The absorption is done by trees through photosynthesis. Once absorbed, carbon is bound up in sugar, then released as oxygen. Basic clumsy error. This process stores carbon in the biomass and the oxygen is released as a by-product.
As emission limits are lowered every year, the price of a credit has risen to more than 60 euros ($67.61) from 4 euros in 2016.  The data is significantly out of date and refers to a government-issued emission allowance and not a carbon credit. Further proof of the journalist’s lack of understanding and sloppy research.
They are available through a private registry system that offers CO2 credits accruing from forest conservation, afforestation or energy-saving decarbonization efforts and are validated by a third party. Although these credits cannot be used to comply with official regulations, they can help companies emphasize their commitment to reducing emissions. Incorrect. Credits of this kind are eligible for both compliance markets, such as the domestic carbon tax and offset market in Colombia, and for voluntary purposes. Again, demonstrating the journalist is ill-informed and lacks basic knowledge about the subject matter.
Trading volumes have jumped seven times over the past four years, to 300 million tons, while the average price of forest and land-use carbon credits has increased by 40%, to the $4 level. It has topped $10 in futures trading. Again, very outdated data.
But irregularities could arise in the forest carbon credit market if the amount of potential deforestation is initially overestimated and a project later issues more credits than carbon emissions it can offset. This is prevented from happening due to the independent auditing and public consultation process as per the third-party standard requirements. Projects are robustly assessed prior to validation, require annual verification conducted by independent auditors and undertake 10-year baseline renewals.
“Additionality” refers to the “extra good for preventing global warming” that a project is expected to create. Incorrect. “Additionality” is the concept of demonstrating that the project is achieving something that would not have otherwise occurred had the project not been implemented, i.e. it is ‘additional’ to the business as usual (BAU) scenario.

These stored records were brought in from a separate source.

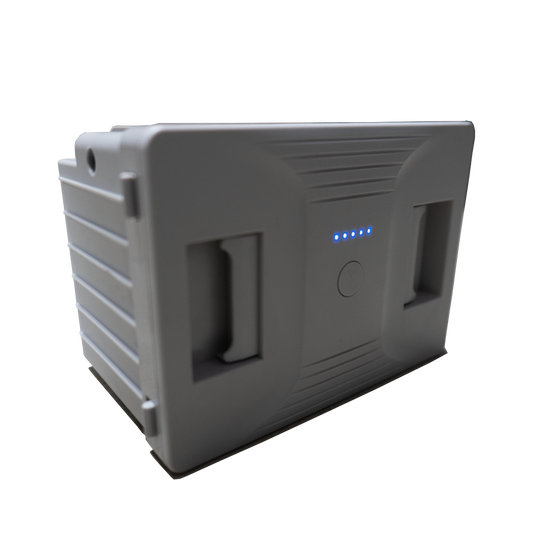 Lithium Battery for Car Fridge - 15.6Ah | Suitable for Ice Crafter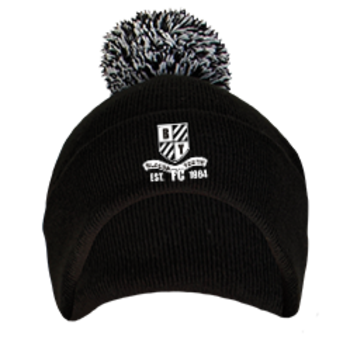 Bobble Hat (embroidered)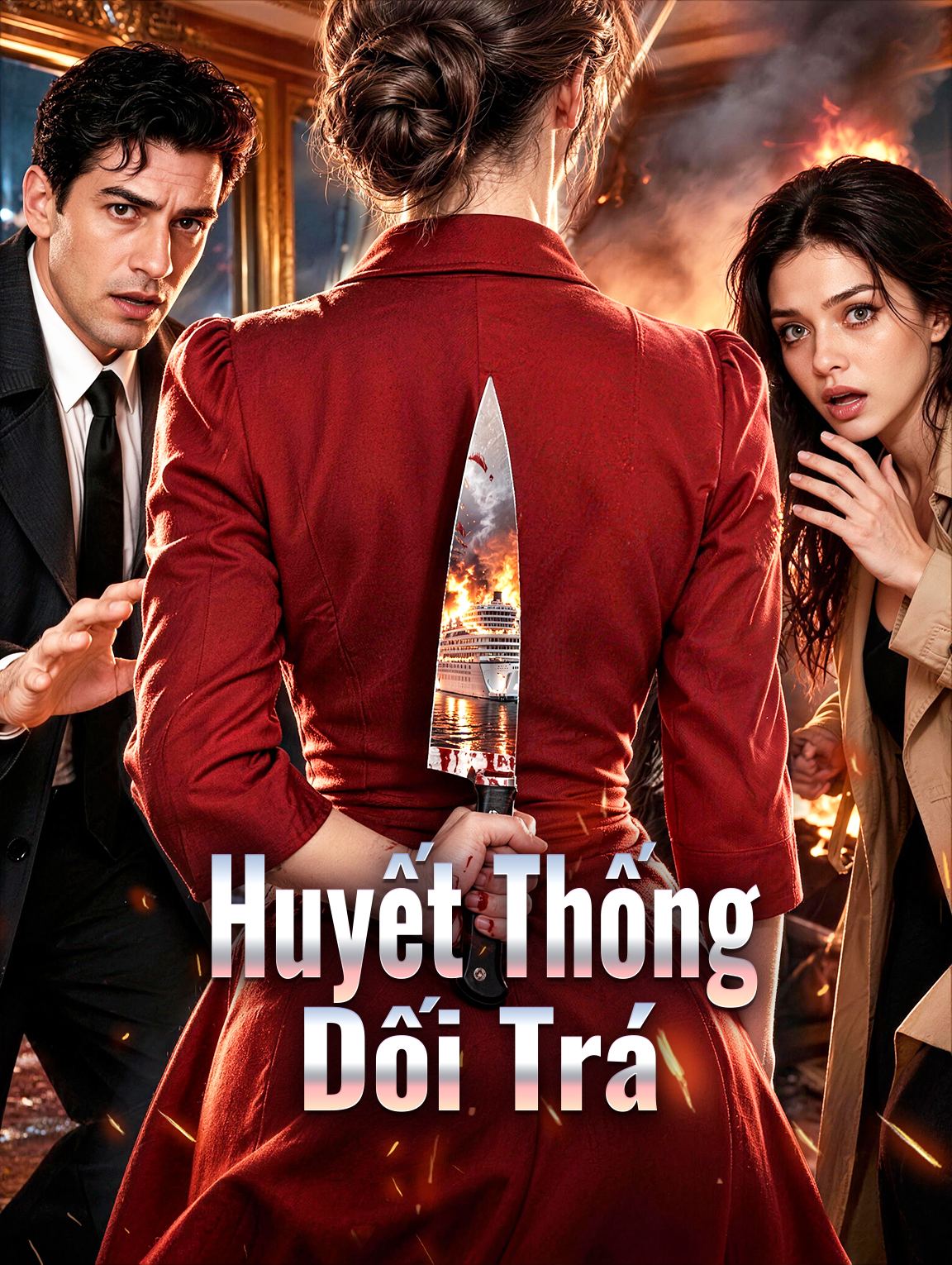 Huyết Thống Dối Trá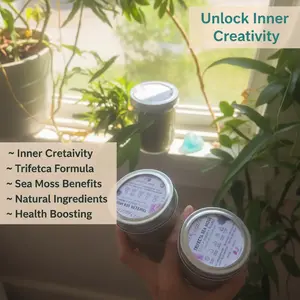 Inner Creativity Trifecta Sea Moss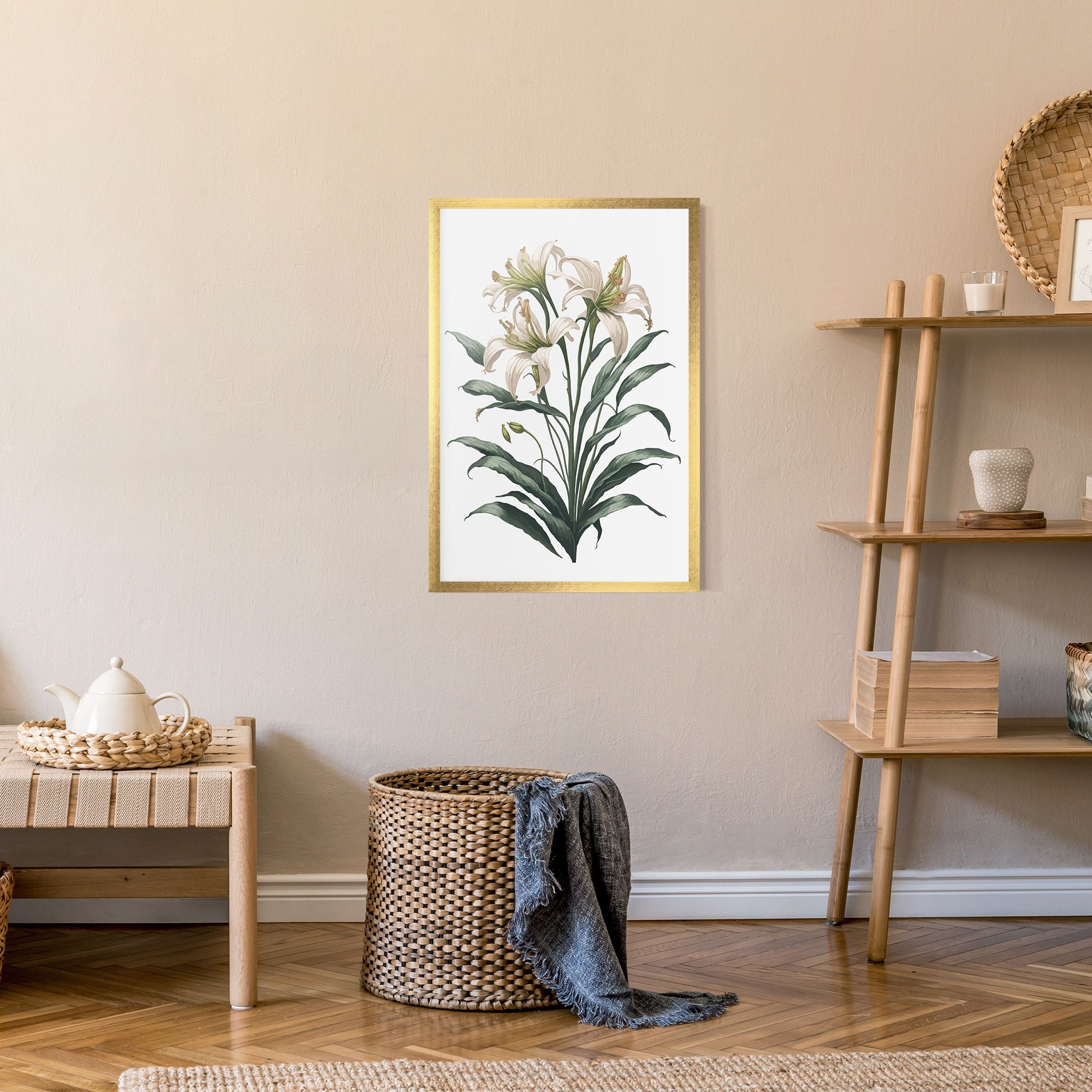 Columbia Lily mockup 9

If regulations like Indonesia’s development moratorium do their job, additionality cannot be validated. This would be laughably naïve if it were not such a serious issue. Does the journalist believe we are not currently in a deforestation crisis, losing more than 12 million hectares of natural forest every year? Government interventions alone are failing at solving this problem globally
To improve the quality of voluntary carbon credits, loopholes should be closed to project promoters and third-party certification organizations. It is crucial that standards for the issuance of credits be tightened and made uniform. Please note the work of the Voluntary Carbon Market Integrity Council.